I walked over to the glass mirror hanging on our kitchen wall. It revealed a reflection I wasn't prepared to see. Mama is always right, I could hear her vivid words playing out in my mind.
My image forced me to put more stock in the meaning of the words. My petite frame was devoid of the beautiful spirit that once dwelled within it. My eyes were cold and unreadable. My lips were pouty, pale, and puffy. My hair, though healthy and glowing from the best care money could buy, was disheveled. The pretty caramel skin that covered my flawless face was flushed red from anguish. Not only had Titus stopped loving me, I stopped loving myself.
Thank God I had Rhonda's shoulder to cry on. She listened to me. There were no judgments passed.
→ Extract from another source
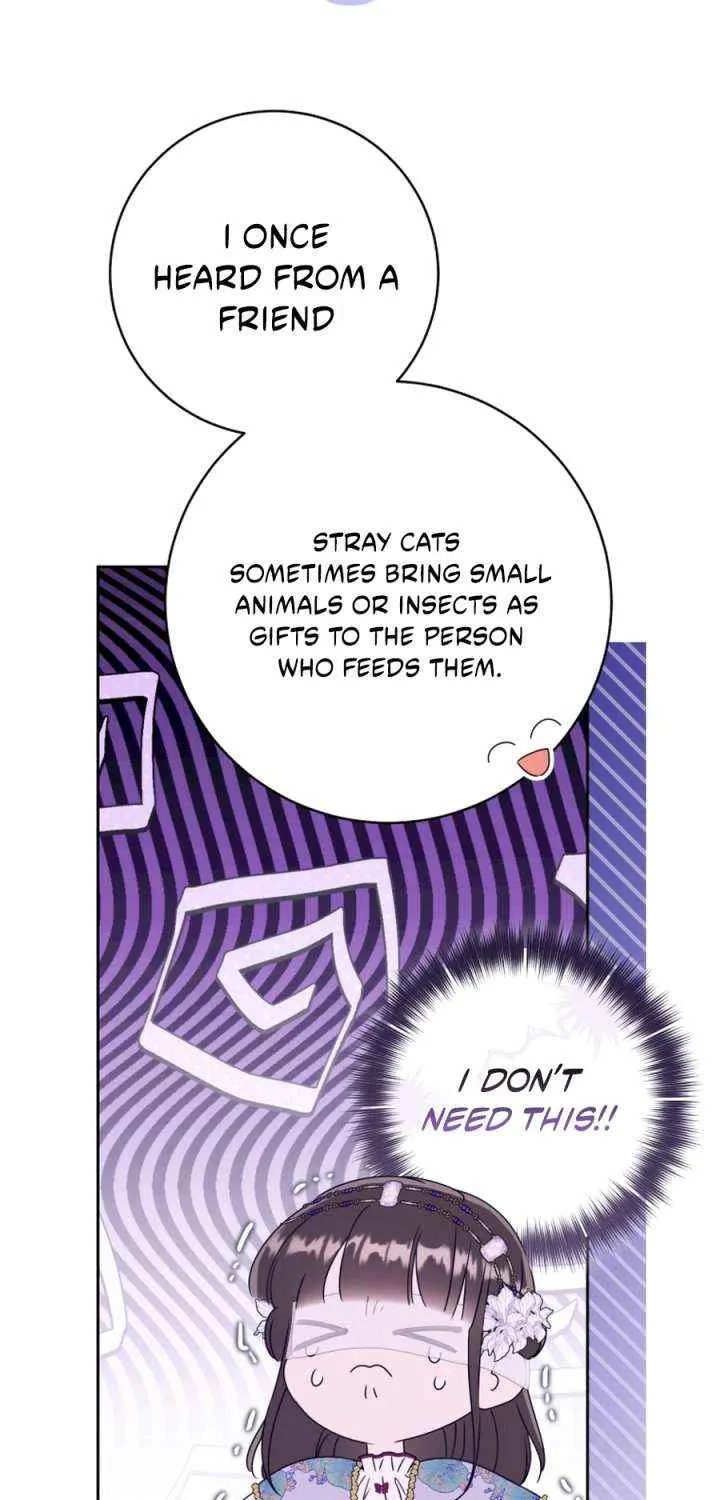 I Became the Despised Granddaughter of the Murim Family Chapter 92 page 22 -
She was there any time I needed her, lending me her time and support unselfishly, as she had consistently done the entire six years of my marriage.
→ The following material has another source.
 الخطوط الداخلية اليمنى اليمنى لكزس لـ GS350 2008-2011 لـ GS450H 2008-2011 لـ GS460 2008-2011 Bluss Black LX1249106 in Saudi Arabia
The streets helped Titus make good on his promise to be the first one in his family to make it out of the hood. He dabbled on the wrong side of the law in pharmaceuticals and ran operations in practically every hood in east Alabama. The same streets that keep generations of his family's spirits broken and in despair were the same streets that catapulted him to his millionaire status. Once money piled up and we were financially able to live every dream we had ever dreamed, he forgot about me. It slipped his mind that it was me that stood by his side when it was all just a pipe dream.
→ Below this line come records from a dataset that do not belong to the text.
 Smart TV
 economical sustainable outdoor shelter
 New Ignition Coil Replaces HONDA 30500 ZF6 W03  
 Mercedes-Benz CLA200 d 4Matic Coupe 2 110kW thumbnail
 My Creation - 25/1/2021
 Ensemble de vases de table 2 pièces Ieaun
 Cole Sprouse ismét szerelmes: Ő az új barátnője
I had so much on my mind. Rhonda snapped me back to the ever so palpable present when she said, "Shayla, are you still there? Shay-la!"
"I'm here," I assured her.
"Are you going to be okay over there, honey?"
"I will be all right. Just thinking about how different things would be if he…." I stopped mid-sentence. I could not bring myself to think the thought that my husband didn't love me anymore.
Rhonda sighed. "If he what?"
God knew I loved me some Ronnie, but she was single. Sometimes, she just didn't understand me. Gladys would have been more sensitive to my situation; however, she was unavailable. After receiving an invitation to a masquerade ball from her old college buddy, Brenda Jackson, Gladys skipped town without a second thought. In desperate need of a getaway, she found the nerve to take a trip to Miami without her husband or kids. I was sure that her husband, James, was losing his mind. But, she was my shero for making that move. If only I had the nerve to do something for and about me for once. At that precise moment, I smiled with a glimmer of joy for her.